**Given material**:

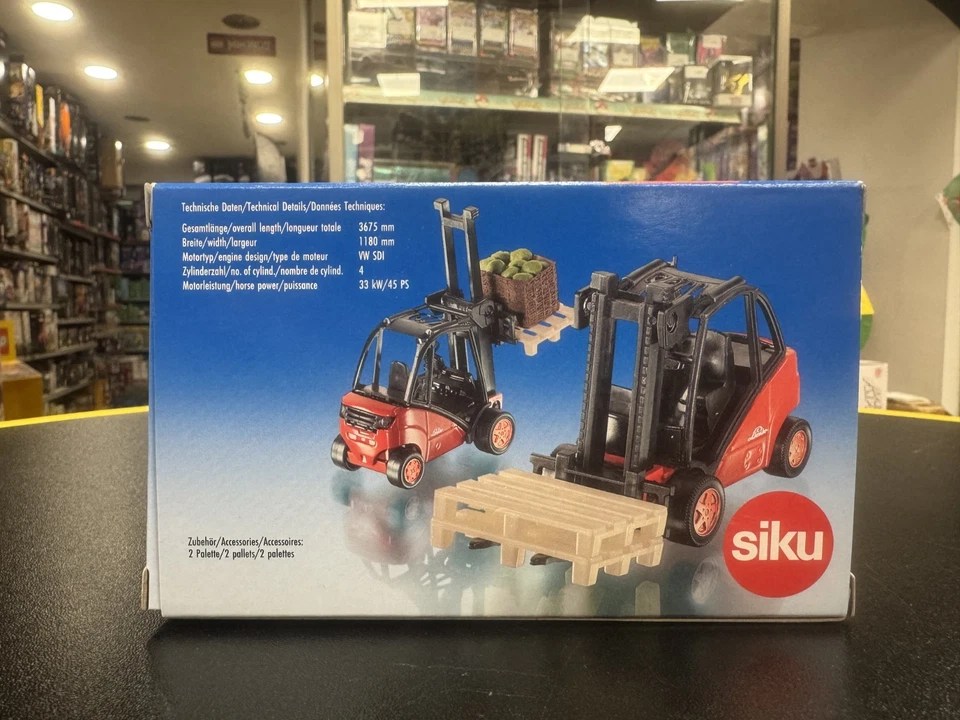 SIKU 1722- modellino 1:50- CARRELLO ELEVATORE ROSSO/NERO - NUOVO - SIGILLATO - Immagine 3 di 4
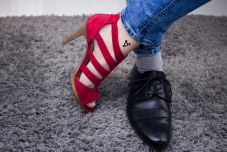 A melegek „átnevelését” célzó terápiák betiltása jogokat sérthet 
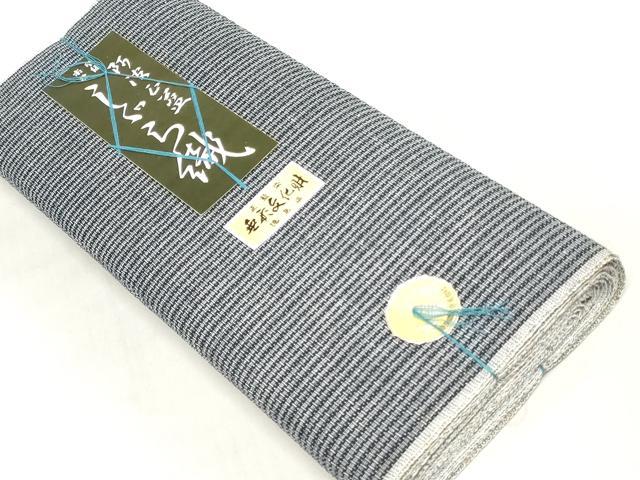 ■■■　サイズ　■■■ 長さ　　着尺分あり 幅　　　約36cm ■■■　商品詳細　■■■ 【綿・未使用】 状態は特に目立ったシミ汚れなどもなく大変良い状態です。 徳島県の伝統的な綿織物で、 国によって伝統的工芸品に指定されている阿波しじら織。 かつて徳島藩では庶民の絹織物の着用が禁じられており、 綿織物をよりお洒落に楽しみたいという人々の思いから生まれた織物です。 経糸の伸縮性を利用した、独特のしぼのある風合いが 素朴な魅力に満ちていて、なんといっても先染め糸で 織り表された柄が気取らないお洒落さを感じさせます。 また、木綿の肌触りも大変優しくさらさらしており、 吸湿性に優れていますので蒸れずに快適な着物姿を楽しめます。 大変上質な逸品になります。 お安く出品致しますので、是非この機会にいかがでしょうか？ ■■■　注意事項　■■■ ■モニター発色の具合により色合いが異なる場合がございます。 ■寸法は多少の誤差が生じる場合がございますのでご了承ください。 ■縫込みの長さが左右非対称の場合は短い部分を記載しております。 左右非対称であってもご返品・お値引き等の保証は出来かねますので、ご了承の上ご購入をお願い致します。 ■シミ等のチェックには注意を払っておりますが、見落としがある場合もございますし、個人の見解も様々ですので神経質な方のご購入はお控えください。 ■箪笥に入っておりました着物や帯なので畳みシワや匂いがあるものもございます。 ■お休みは基本的に土日祝となりますが、その他臨時でお休みする場合がございますのでご了承ください。 ■商品の発送は平日のみの発送となります。 ■夜間と土曜、日曜日はお問い合わせの回答が遅れる場合がございます。 ■当店では、お直し、紋入れ、お手入れ等は承っておりません。 ■生地の状態（ヤケ、経年劣化等）によってはサイズ直しが出来ない場合がございます。 その点もどうかご了承のうえ、ご購入をお願いいたします。 ■弊社で取り扱う商品は一点ものにつき、時期や在庫状況に応じて金額が変更となる場合がございます。 ■検針は行っておりません。予めご了承いただきますようお願いいたします。 ■【洗える着物】と記載のある商品におきましては、商品お届け後に洗濯を行ってしまってからのご返品にはご対応しかねます。 念の為、専門店でのお手入れをお願いいたします。 ■写真に写っている物が全てになります。それ以外の付属品はございませんのでご了承ください。 ■状態に関する写真につきましては、掲載可能な写真枚数に限りがあるため、各箇所につき1枚参考画像を掲載しております。 ■着物のサイズ目安は下記を参考ください↓ ＜女性着物＞　お端折り次第で＋5cm　−1cmが着用可能サイズ 　例）身丈170cmの場合、身長160cm〜175cm ＜男性着物＞　身丈＋約25cm〜27cm程が適応身長 　例）身丈155cmの場合、身長180〜182cm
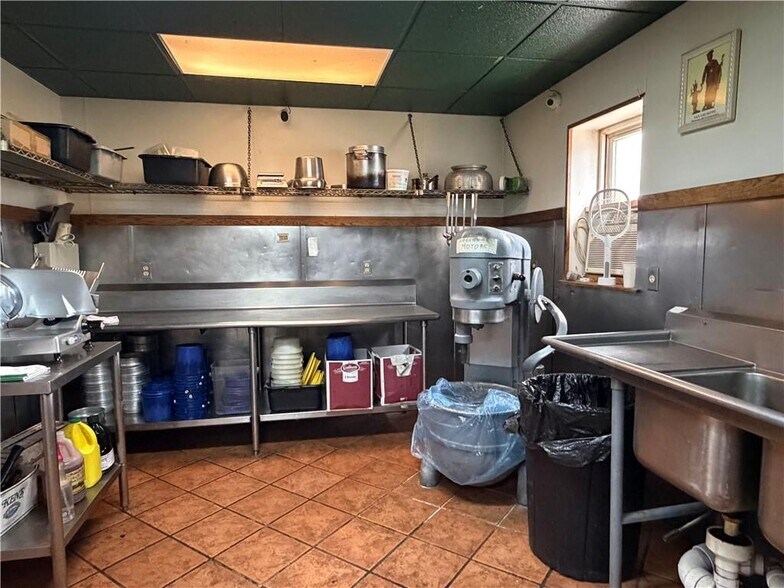 More Photos Of 455 Old Ithaca Rd, Horseheads Restaurant For Sale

**What the task asks**: An exact copy of all the lines above is required, with the pictures removed.

**Solution to the exercise**:
 SIKU 1722- modellino 1:50- CARRELLO ELEVATORE ROSSO/NERO - NUOVO - SIGILLATO - Immagine 3 di 4
 A melegek „átnevelését” célzó terápiák betiltása jogokat sérthet 
 ■■■　サイズ　■■■ 長さ　　着尺分あり 幅　　　約36cm ■■■　商品詳細　■■■ 【綿・未使用】 状態は特に目立ったシミ汚れなどもなく大変良い状態です。 徳島県の伝統的な綿織物で、 国によって伝統的工芸品に指定されている阿波しじら織。 かつて徳島藩では庶民の絹織物の着用が禁じられており、 綿織物をよりお洒落に楽しみたいという人々の思いから生まれた織物です。 経糸の伸縮性を利用した、独特のしぼのある風合いが 素朴な魅力に満ちていて、なんといっても先染め糸で 織り表された柄が気取らないお洒落さを感じさせます。 また、木綿の肌触りも大変優しくさらさらしており、 吸湿性に優れていますので蒸れずに快適な着物姿を楽しめます。 大変上質な逸品になります。 お安く出品致しますので、是非この機会にいかがでしょうか？ ■■■　注意事項　■■■ ■モニター発色の具合により色合いが異なる場合がございます。 ■寸法は多少の誤差が生じる場合がございますのでご了承ください。 ■縫込みの長さが左右非対称の場合は短い部分を記載しております。 左右非対称であってもご返品・お値引き等の保証は出来かねますので、ご了承の上ご購入をお願い致します。 ■シミ等のチェックには注意を払っておりますが、見落としがある場合もございますし、個人の見解も様々ですので神経質な方のご購入はお控えください。 ■箪笥に入っておりました着物や帯なので畳みシワや匂いがあるものもございます。 ■お休みは基本的に土日祝となりますが、その他臨時でお休みする場合がございますのでご了承ください。 ■商品の発送は平日のみの発送となります。 ■夜間と土曜、日曜日はお問い合わせの回答が遅れる場合がございます。 ■当店では、お直し、紋入れ、お手入れ等は承っておりません。 ■生地の状態（ヤケ、経年劣化等）によってはサイズ直しが出来ない場合がございます。 その点もどうかご了承のうえ、ご購入をお願いいたします。 ■弊社で取り扱う商品は一点ものにつき、時期や在庫状況に応じて金額が変更となる場合がございます。 ■検針は行っておりません。予めご了承いただきますようお願いいたします。 ■【洗える着物】と記載のある商品におきましては、商品お届け後に洗濯を行ってしまってからのご返品にはご対応しかねます。 念の為、専門店でのお手入れをお願いいたします。 ■写真に写っている物が全てになります。それ以外の付属品はございませんのでご了承ください。 ■状態に関する写真につきましては、掲載可能な写真枚数に限りがあるため、各箇所につき1枚参考画像を掲載しております。 ■着物のサイズ目安は下記を参考ください↓ ＜女性着物＞　お端折り次第で＋5cm　−1cmが着用可能サイズ 　例）身丈170cmの場合、身長160cm〜175cm ＜男性着物＞　身丈＋約25cm〜27cm程が適応身長 　例）身丈155cmの場合、身長180〜182cm
 More Photos Of 455 Old Ithaca Rd, Horseheads Restaurant For Sale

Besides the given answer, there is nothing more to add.